▸ **RECORD SET**:
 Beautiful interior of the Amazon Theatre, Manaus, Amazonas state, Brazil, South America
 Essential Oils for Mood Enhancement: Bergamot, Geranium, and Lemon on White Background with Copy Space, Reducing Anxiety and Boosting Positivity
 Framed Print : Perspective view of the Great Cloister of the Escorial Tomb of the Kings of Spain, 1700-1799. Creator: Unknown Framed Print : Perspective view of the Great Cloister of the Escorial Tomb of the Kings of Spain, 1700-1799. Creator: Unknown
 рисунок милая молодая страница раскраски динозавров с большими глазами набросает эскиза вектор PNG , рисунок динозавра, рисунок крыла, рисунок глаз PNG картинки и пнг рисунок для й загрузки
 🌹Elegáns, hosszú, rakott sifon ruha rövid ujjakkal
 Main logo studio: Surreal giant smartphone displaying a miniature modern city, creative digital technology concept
==
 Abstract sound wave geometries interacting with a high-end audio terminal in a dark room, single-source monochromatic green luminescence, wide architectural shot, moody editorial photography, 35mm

▸ **WORK TO COMPLETE**: All lines in the listing above from the line containing "Beautiful interior of" to the line containing "Main logo studio: Surreal", inclusive, should be retyped exactly; no other lines should appear.

▸ **OUTPUT BELOW**:
 Beautiful interior of the Amazon Theatre, Manaus, Amazonas state, Brazil, South America
 Essential Oils for Mood Enhancement: Bergamot, Geranium, and Lemon on White Background with Copy Space, Reducing Anxiety and Boosting Positivity
 Framed Print : Perspective view of the Great Cloister of the Escorial Tomb of the Kings of Spain, 1700-1799. Creator: Unknown Framed Print : Perspective view of the Great Cloister of the Escorial Tomb of the Kings of Spain, 1700-1799. Creator: Unknown
 рисунок милая молодая страница раскраски динозавров с большими глазами набросает эскиза вектор PNG , рисунок динозавра, рисунок крыла, рисунок глаз PNG картинки и пнг рисунок для й загрузки
 🌹Elegáns, hosszú, rakott sifon ruha rövid ujjakkal
 Main logo studio: Surreal giant smartphone displaying a miniature modern city, creative digital technology concept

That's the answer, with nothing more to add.